Objectives: To assess the effect on clinical outcome of managing paediatric and adult patients with cystic fibrosis at specialised cystic fibrosis centres.
Design: Cross sectional study.
Setting: Two adult cystic fibrosis centres in the United Kingdom.
Subjects: Patients from an adult cystic fibrosis centre in Manchester were subdivided into those who had received continuous care from paediatric and adult cystic fibrosis centres (group A), and those who had received paediatric care in a centre not specialising in cystic fibrosis followed by adult care in a cystic fibrosis centre (group B). Group C were referrals to the new adult cystic fibrosis centre in Cambridge who had received neither paediatric nor adult centre care for their cystic fibrosis.
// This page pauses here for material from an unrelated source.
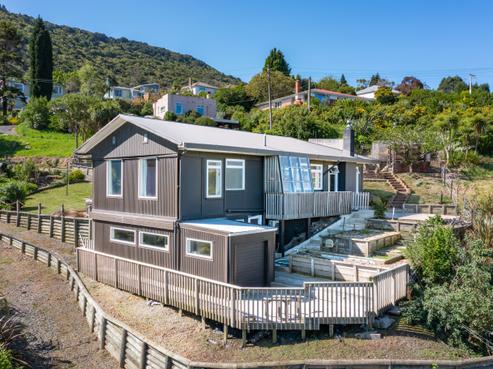47 Adderley Terrace, Ravensbourne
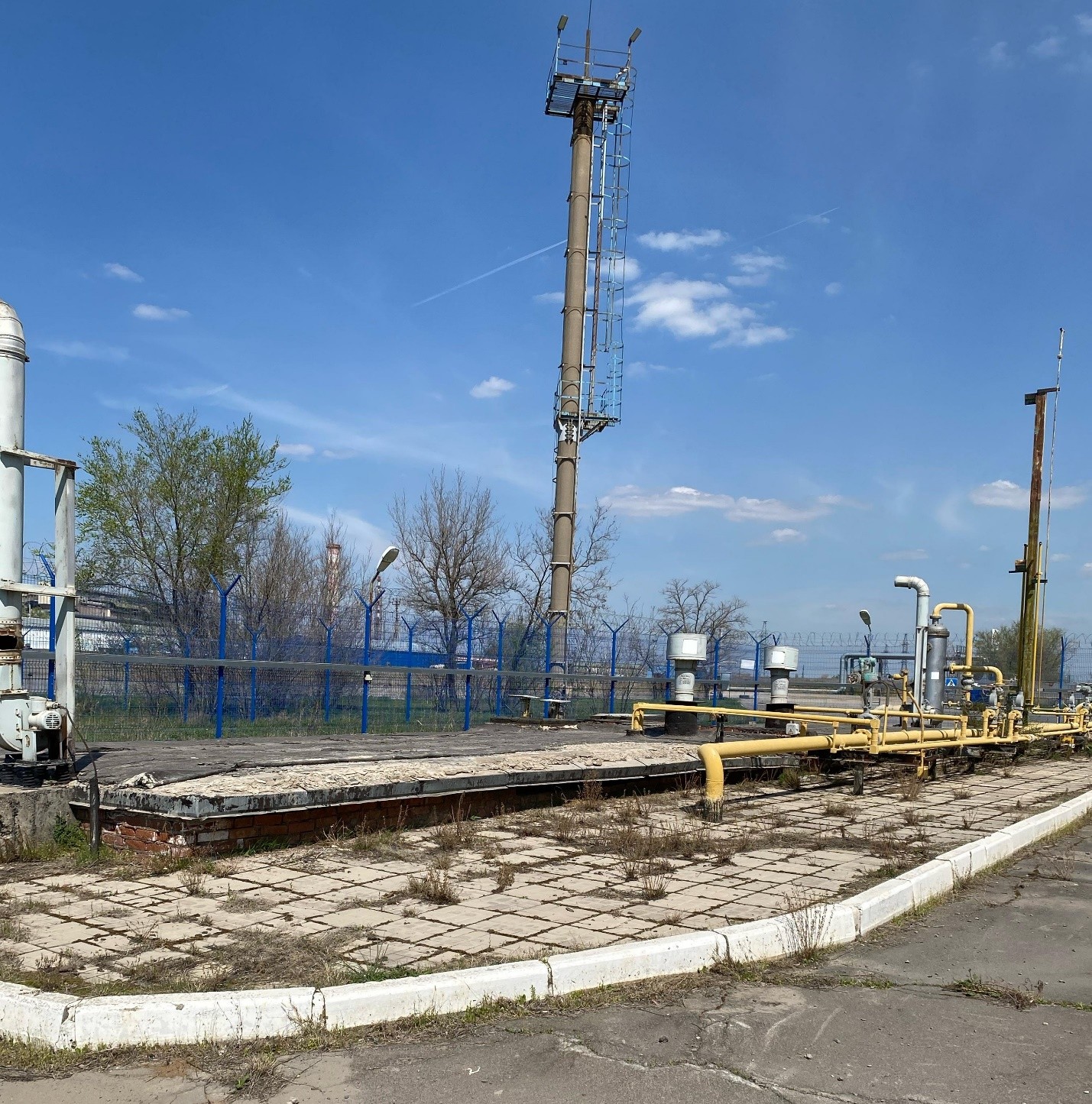 Продам торговое помещение 12100 м.кв.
Main outcome measures: Body mass index (weight (kg)/height (m2)), lung function (forced expiratory volume in one second (FEV1 percentage of predicted)), the Northern chest x ray film score, and age at colonisation with Pseudomonas aeruginosa.
Results: A prominent stepwise increase in body mass index was associated with increasing amounts of care at a cystic fibrosis centre; 18.3, 20.2, and 21.3 for groups C, B, and A respectively (P<0.001). Improved nutritional status was correlated with a higher FEV1 and better (lower) chest x ray film scores; r=0. 52 and -0.45 respectively (P<0.001 for both).
Conclusion: These findings provide the first direct evidence that management of cystic fibrosis in paediatric and adult cystic fibrosis centres results in a better clinical outcome, and strongly supports the provision of these specialist services.